The Challenge 3rd April 2006
Ok, so I'm going to set a challenge to myself, to learn html so I can
put in fancy links, banners and pictures, and because I don't like
using things I don't understand, and I do like it when I do understand.
So, I'm going back to basics. Every nifty trick I do on my pages from now on will be because I know how to do them. In the meantime, it's bare. Shame you can't rely on the content really.
Instead of a photo, there is now empty space. Mr and Mrs Duck must have wandered onto the main road and are now together in ducky heaven. Tamsin and Angie are both gutted. Of course Tamsin is a sucker for any animal but the depth of Angie's reaction has come of something a surprise. We must be winning her over.
Tamsin couldn't help thinking it was a waste for two such fine specimins to lay on the highway and get flatter and flatter and she did think about experimenting with a raw food diet for the dogs for a couple of days. The plan only went on hold when Tamsin realised she would have to do some kind of plucking, and that, should another couple of ducks set up home there next year, that she might have a harder time convincing the dogs that dried duck and rice kibble are better than the real thing.
The plot thickens. The
duck plot that it. When Angie went swimming this morning, the duck
bodies were gone. Someone with greater plucking knowledge clearly had
the same idea.
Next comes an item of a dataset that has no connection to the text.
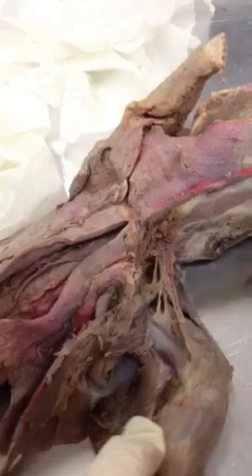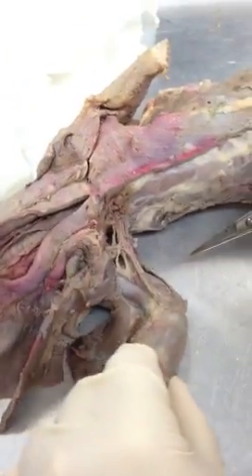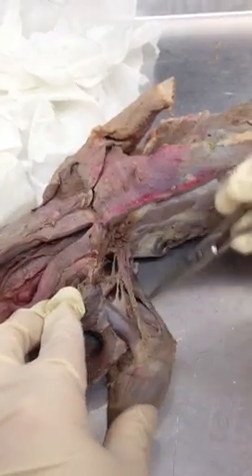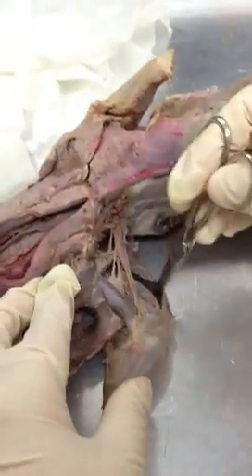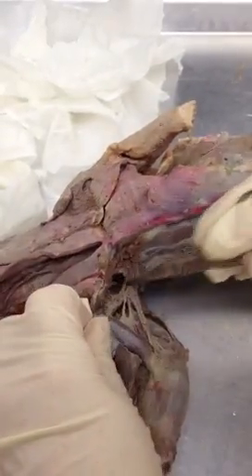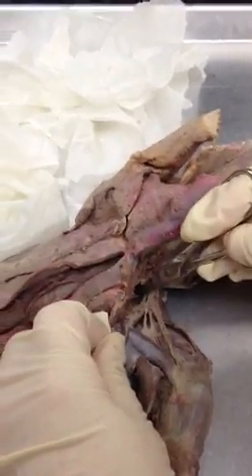So first, right in here — imagine I'm doing a little flex for us — that's biceps brachii. Right here, medial head of the triceps. Long head of the triceps. Everybody's favorite muscle, dorsal epitrochlearis. Now, in my mink, hard to see it because I want to keep these nerves intact. Way underneath there, that's subscapularis.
Following a day of mourning (I'm not exaggerating),
Tamsin met the farmer and told him about the ducks. "Oh no!" he said,
"the duck is in my barn sitting on 6 eggs. She's been there all day."
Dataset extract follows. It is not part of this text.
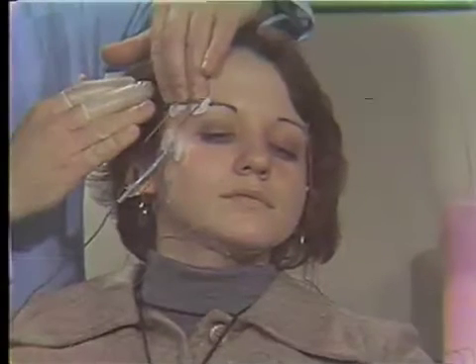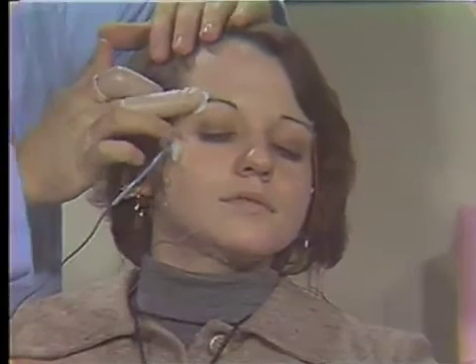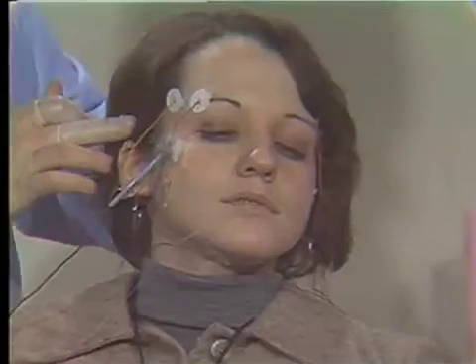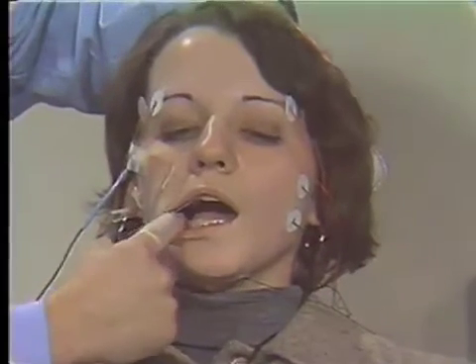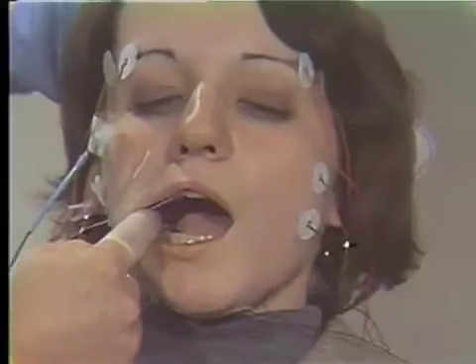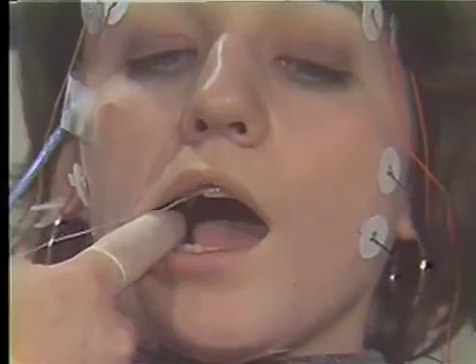Temporalis — just clench for me. Relax and you'll see the movement. And this is where our temporal electrodes go. Two muscles that we can't reach with surface electrodes: just open wide — the medial pterygoid, just open as wide as you can. Karen can't open too wide. And then the lateral pterygoid, right behind.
When we looked onto the big puddle on the marsh, low and behold, there
were two ducks! Here is the evidence. Are they Mr and Mrs Duck? Or Mr
and Mrs Duck II? Meanwhile, this evening, Tamsin was just planning for an early night when the cat flap went, Carlsberg chirped, and a baby rabbit shot across the kitchen. Tamsin sighed and shook her head. The rabbit went under the bureau. Tamsin made a path of boxes towards the open door (we stoked up the fire, it was freezing) but the poor rabbit wasn't going anywhere. Tamsin missed the end of Monk. She put on her gardening gloves and eventually worked up the courage to slide the rabbit out and catch it. It was wriggly so she had to let it go in the garden. It has the night to recover and Tamsin will see if a mercy mission is called for in the morning. It is now 22:31 and Tamsin is finally going to bed.
There is good news on the allotment front but you'll have to read about that another day. Now we must all go to bed.
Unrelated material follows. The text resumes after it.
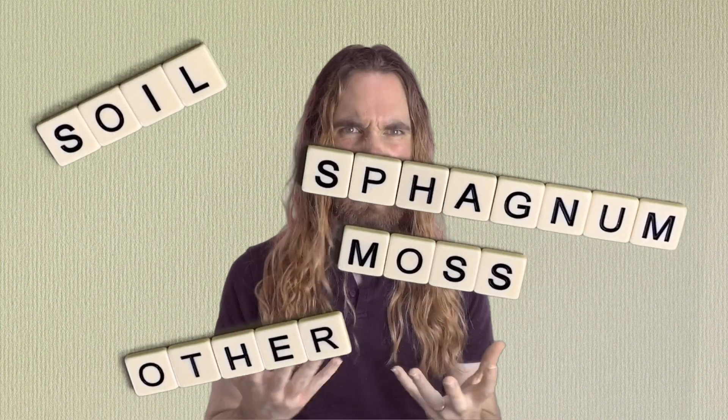I'd also like to know if we see a similar trend using different methods of germination. We used the water and toothpick method for this experiment, but what if we germinated seeds in soil, sphagnum moss, or other methods of germination? We might get to that in the future here on this channel. And that's where we're going to leave our international avocado experiment.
When Father Christmas delivered a nice little red box of ocean bites for Carlsberg, I was pleased for her. I
didn't realise I would be handing over REAL LIFE WHOLE FISH with their googley little eyes looking up at me. Even Carlsberg
did a double take before she ate it. And that is the cat that eats a whole mouse or bird without a second thought.
Don't get me wrong, I don't believe in dressing meat up so it doesn't look like meat. If you're gonna eat it,
at least eat it for what it is. It was just a shock to have 20 pairs of eyes staring at me while I opened the
packet. Next time I will brace myself. And be glad I am vegan.
Today our new friend Hazel came for the afternoon. She said the dogs were on their BB. That's
"best behaviour" for the uninitiated. Which, of course, makes me out to be a liar when I tell of their terrible tales,
but I'd rather be a liar with BB dogs, than telling the truth about the ASBO brigade, especially when new friends are concerned. It puts me in mind of a time when I was making a new friend, Sandra, and we went to the beach for the first time. Beanz went behind some public toilets and ate something that I can't tell you here, suffice to say someone mustn't have had their 5p to hand. About 10 minutes from home I tried to casually disguise a terrible smell by opening the window, but there was no diguising this smell. Beanz had puked up her treasure down the side of the back seat of the new car (with my new friend in).
Anyway, end hazy memory sequence and back to the present day. Hazel came for a walk with us and it was all very nice. Note to self, don't try to cook when new friends come to tea. Or at least, make sure you have some form of ingredients in the house before they arrive, or they will be obliged to smile and say, "yum" when eating some mushrooms, kidney beans and a green pepper.
Well this is something I never thought I'd see. Yes, your eyes do serve you correctly. That is a photo
of Beanze wearing her Bronze Good Citizen Rosette. She earned it today at her exam. I was more nervous that I was when I did my degree for goodness sake. But Beanz
was cool as a cucumber and even managed a little sleep while she was waiting to do her "controlled walk though a door". The fact that she had been charging round
Rivington for 2 hours was nothing to do with it. She was very well behaved and I am very proud of her. 7pm: looks like Beanz used up all her Bronze Citizen behaviour at her bronze citizen exam. My mother was right when she told me pride comes before a fall. She (Beanz, not my mother) has barked at a jogger, 3 horses, 3 boys playing in the stream, 2 girls walking down a path and one unknown monster. That will stop me getting above myself. Beanz: profilaxis for arrogance. I guess profilaxis is one of those words I can say but have no idea how to spell. That and trayps. Ok ok, there are a few.